In the world of investing, there are several different ways that profits are realized:

Dividend Payments.  Depending on the underlying securities, a mutual fund or ETF may earn income in the form of dividends on the securities in its portfolio.  The mutual fund or ETF then pays its shareholders nearly all of the income (minus disclosed expenses) it has earned.

Capital Gains Distributions.  The price of the securities a mutual fund or ETF owns may increase.  When a mutual fund or ETF sells a security that has increased in price, the mutual fund or ETF has a capital gain.  At the end of the year, most mutual funds and ETFs distribute these capital gains (minus any capital losses) to shareholders.  ETFs seek to minimize these capital gains by making in-kind exchanges to redeeming Authorized Participants instead of selling portfolio securities.  In other words, they trade stocks with other companies to keep from making any actual money in the short term.

Increased NAV / Increased Market Price.  If the market value of a mutual fund’s portfolio increases, after deduction of expenses and liabilities, then the net asset value of the mutual fund and its shares increases.  If the market value of an ETF’s portfolio increases, after deduction of expenses and liabilities, then the net asset value of the ETF increases and the market price of its shares may also increase.

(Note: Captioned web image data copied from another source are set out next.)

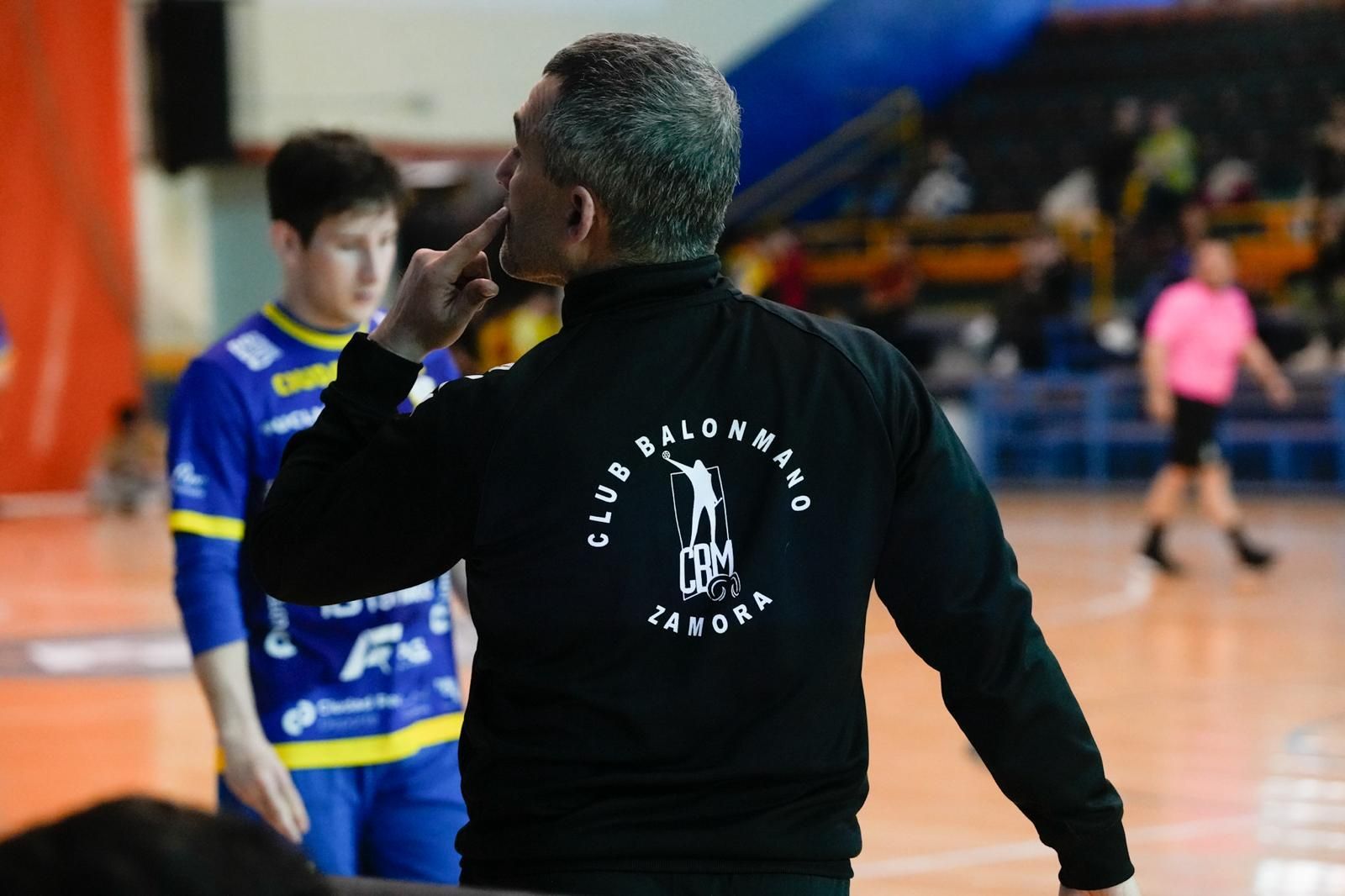 GALERÍA | Las mejores imágenes del Balonmano Zamora - BM Caserío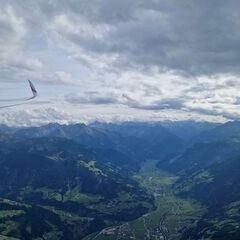 Flugwegposition um 14:34:02: Aufgenommen in der Nähe von Gemeinde Aschau im Zillertal, Österreich in 2628 Meter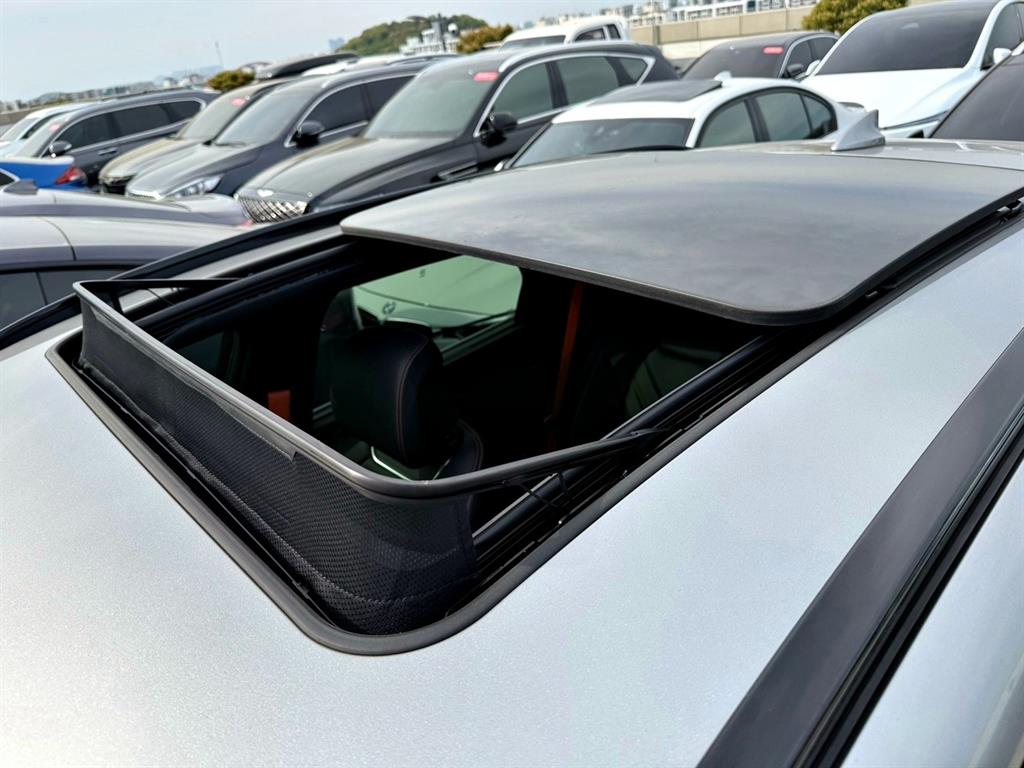 Genesis GV70 2025 Gris - Importación desde Corea - HF Imports Iquique - Foto 19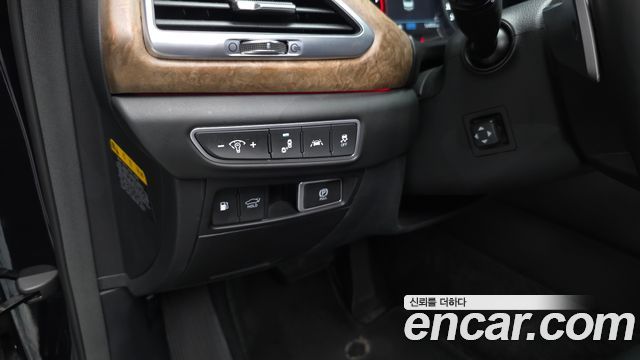 Genesis G90 3.8 AWD Prestige 2019 — фото 18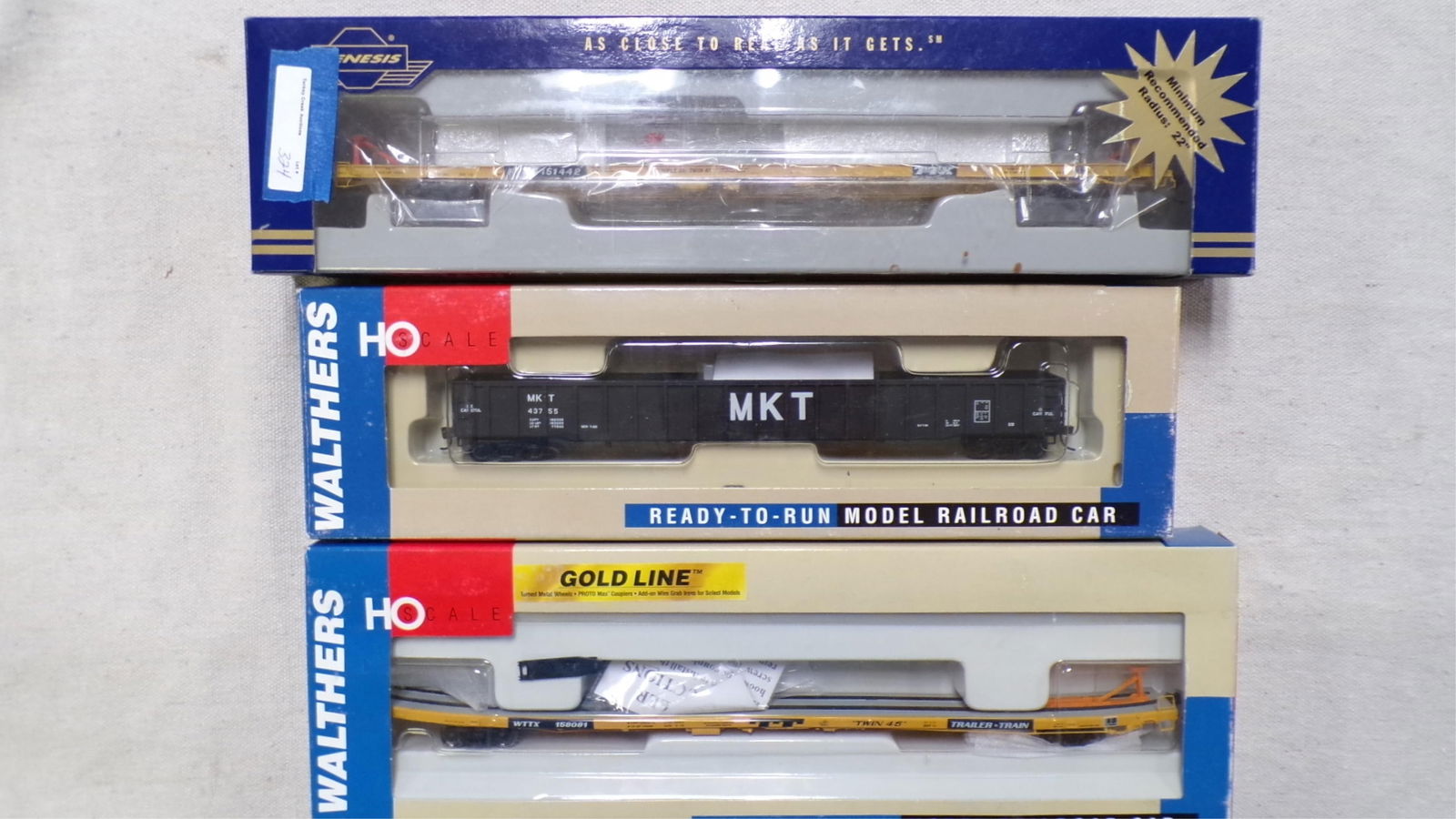 LOT WALTHERS & GENESIS "HO" ROLLING STOCK (1 of 2)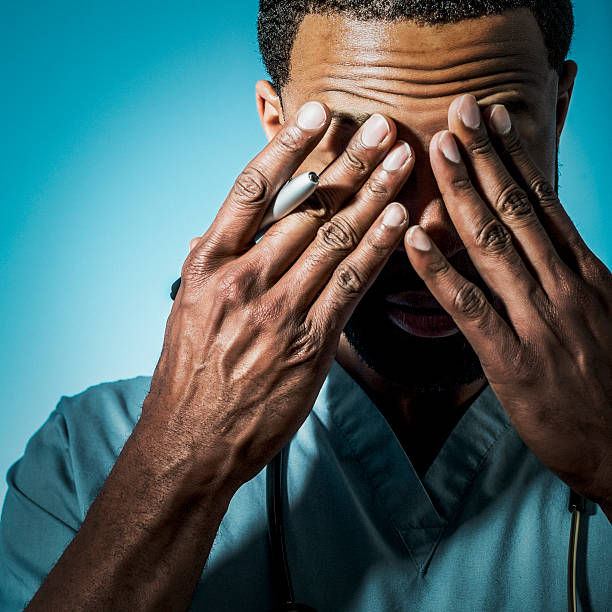 agotado médico - frotarse los ojos fotografías e imágenes de stock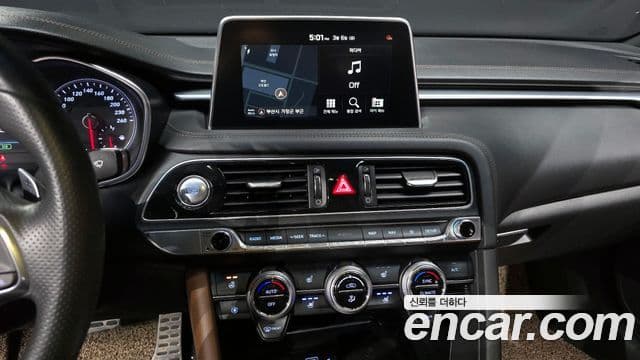 Genesis G70 Elite, 2019 15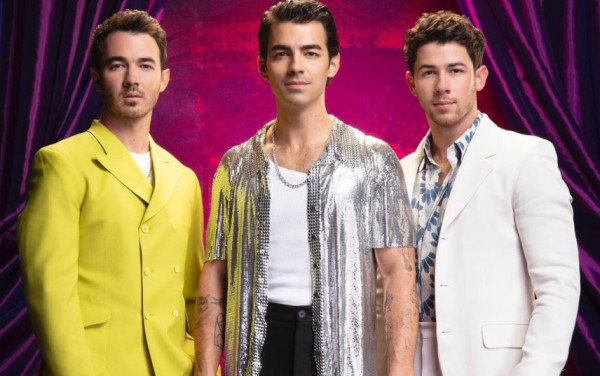 Jonas Brothers – Πήγαν στον Λευκό Οίκο και το βίντεό τους με το Μπάιντεν έγινε viral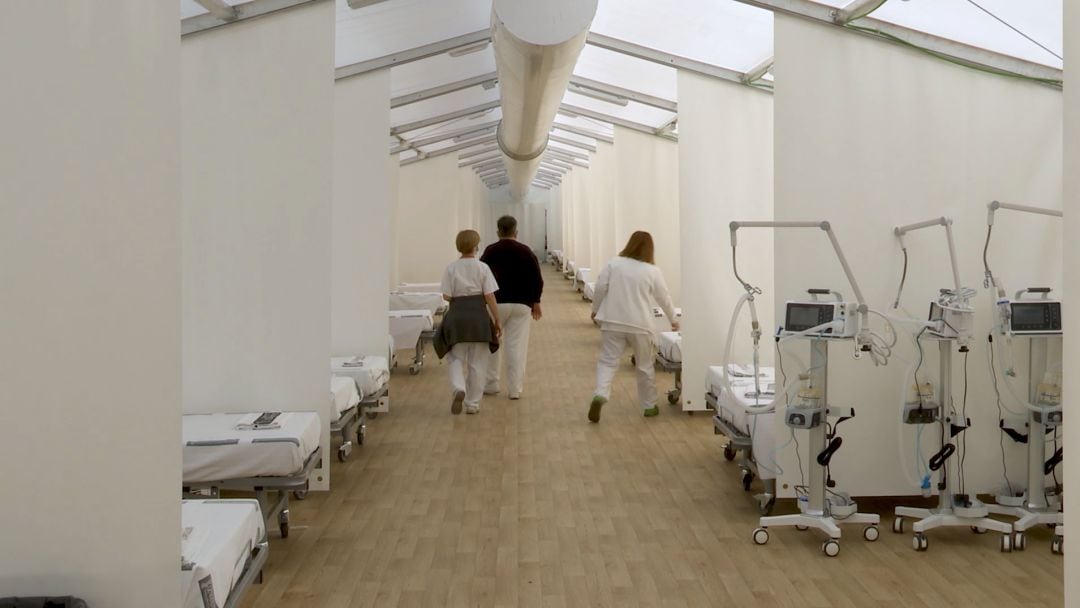 Imágenes del hospital de campaña de La Fe en València este martes 26 de enero
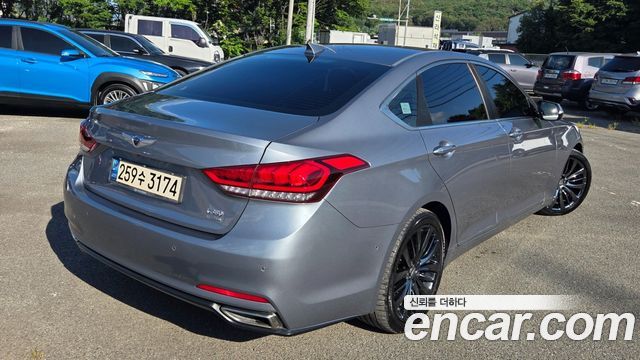 Hyundai Genesis из Кореи Encar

With respect to dividend payments and capital gains distributions, mutual funds usually will give investors a choice: the mutual fund can send the investor a check or other form of payment, or the investor can have the dividends or distributions reinvested in the mutual fund to buy more shares (often without paying an additional sales load).  If an ETF investor wants to reinvest a dividend payment or capital gains distribution, the process can be more complicated, and the investor may have to pay additional brokerage commissions.

You should check with your broker to make sure about your particular holdings, but mutual funds usually allow reinvestment with no costs, while ETF earnings tend to show up in your trading account as cash.  Most brokers have a reinvestment program that can plow them right back into your holdings.